WHAT YOU ARE ASKED TO DO: Every entry must be echoed exactly.

GIVEN DATA:
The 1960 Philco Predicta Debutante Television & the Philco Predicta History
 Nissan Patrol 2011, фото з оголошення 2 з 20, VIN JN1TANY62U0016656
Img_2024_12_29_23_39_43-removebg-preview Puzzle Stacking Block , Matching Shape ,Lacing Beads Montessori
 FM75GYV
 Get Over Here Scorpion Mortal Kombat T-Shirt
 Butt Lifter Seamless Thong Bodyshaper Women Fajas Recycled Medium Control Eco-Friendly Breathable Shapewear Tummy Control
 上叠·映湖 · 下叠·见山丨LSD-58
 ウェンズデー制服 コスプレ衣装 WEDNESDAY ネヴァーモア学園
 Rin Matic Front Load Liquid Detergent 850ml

WRITTEN SOLUTION:
The 1960 Philco Predicta Debutante Television & the Philco Predicta History
 Nissan Patrol 2011, фото з оголошення 2 з 20, VIN JN1TANY62U0016656
Img_2024_12_29_23_39_43-removebg-preview Puzzle Stacking Block , Matching Shape ,Lacing Beads Montessori
 FM75GYV
 Get Over Here Scorpion Mortal Kombat T-Shirt
 Butt Lifter Seamless Thong Bodyshaper Women Fajas Recycled Medium Control Eco-Friendly Breathable Shapewear Tummy Control
 上叠·映湖 · 下叠·见山丨LSD-58
 ウェンズデー制服 コスプレ衣装 WEDNESDAY ネヴァーモア学園
 Rin Matic Front Load Liquid Detergent 850ml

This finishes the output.